- EXERCISE DESCRIPTION -
Repeat the entries that appear below, exactly as they are given.

*** Opening ENTRIES SUPPLIED ***

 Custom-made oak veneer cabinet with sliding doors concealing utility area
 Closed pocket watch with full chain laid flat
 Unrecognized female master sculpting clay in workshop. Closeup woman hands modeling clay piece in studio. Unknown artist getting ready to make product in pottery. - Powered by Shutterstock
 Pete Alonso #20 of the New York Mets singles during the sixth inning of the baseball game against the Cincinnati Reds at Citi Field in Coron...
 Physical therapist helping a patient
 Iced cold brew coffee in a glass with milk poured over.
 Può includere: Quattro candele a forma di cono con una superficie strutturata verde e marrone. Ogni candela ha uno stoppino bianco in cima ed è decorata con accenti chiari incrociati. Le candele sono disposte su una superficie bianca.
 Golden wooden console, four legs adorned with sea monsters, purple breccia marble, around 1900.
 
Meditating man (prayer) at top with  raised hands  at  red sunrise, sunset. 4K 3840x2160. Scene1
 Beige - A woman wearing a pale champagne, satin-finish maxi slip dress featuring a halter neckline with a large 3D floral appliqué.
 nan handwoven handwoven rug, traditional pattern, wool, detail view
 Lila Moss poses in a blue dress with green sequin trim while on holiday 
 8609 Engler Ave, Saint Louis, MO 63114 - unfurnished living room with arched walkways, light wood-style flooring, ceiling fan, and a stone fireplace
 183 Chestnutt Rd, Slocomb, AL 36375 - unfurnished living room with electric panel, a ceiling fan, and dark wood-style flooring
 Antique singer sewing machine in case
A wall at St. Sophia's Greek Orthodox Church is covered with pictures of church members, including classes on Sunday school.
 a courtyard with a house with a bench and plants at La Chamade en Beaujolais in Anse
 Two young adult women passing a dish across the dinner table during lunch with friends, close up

*** Closing ENTRIES SUPPLIED ***

- REPLY TO THE EXERCISE -
 Custom-made oak veneer cabinet with sliding doors concealing utility area
 Closed pocket watch with full chain laid flat
 Unrecognized female master sculpting clay in workshop. Closeup woman hands modeling clay piece in studio. Unknown artist getting ready to make product in pottery. - Powered by Shutterstock
 Pete Alonso #20 of the New York Mets singles during the sixth inning of the baseball game against the Cincinnati Reds at Citi Field in Coron...
 Physical therapist helping a patient
 Iced cold brew coffee in a glass with milk poured over.
 Può includere: Quattro candele a forma di cono con una superficie strutturata verde e marrone. Ogni candela ha uno stoppino bianco in cima ed è decorata con accenti chiari incrociati. Le candele sono disposte su una superficie bianca.
 Golden wooden console, four legs adorned with sea monsters, purple breccia marble, around 1900.
 
Meditating man (prayer) at top with  raised hands  at  red sunrise, sunset. 4K 3840x2160. Scene1
 Beige - A woman wearing a pale champagne, satin-finish maxi slip dress featuring a halter neckline with a large 3D floral appliqué.
 nan handwoven handwoven rug, traditional pattern, wool, detail view
 Lila Moss poses in a blue dress with green sequin trim while on holiday 
 8609 Engler Ave, Saint Louis, MO 63114 - unfurnished living room with arched walkways, light wood-style flooring, ceiling fan, and a stone fireplace
 183 Chestnutt Rd, Slocomb, AL 36375 - unfurnished living room with electric panel, a ceiling fan, and dark wood-style flooring
 Antique singer sewing machine in case
A wall at St. Sophia's Greek Orthodox Church is covered with pictures of church members, including classes on Sunday school.
 a courtyard with a house with a bench and plants at La Chamade en Beaujolais in Anse
 Two young adult women passing a dish across the dinner table during lunch with friends, close up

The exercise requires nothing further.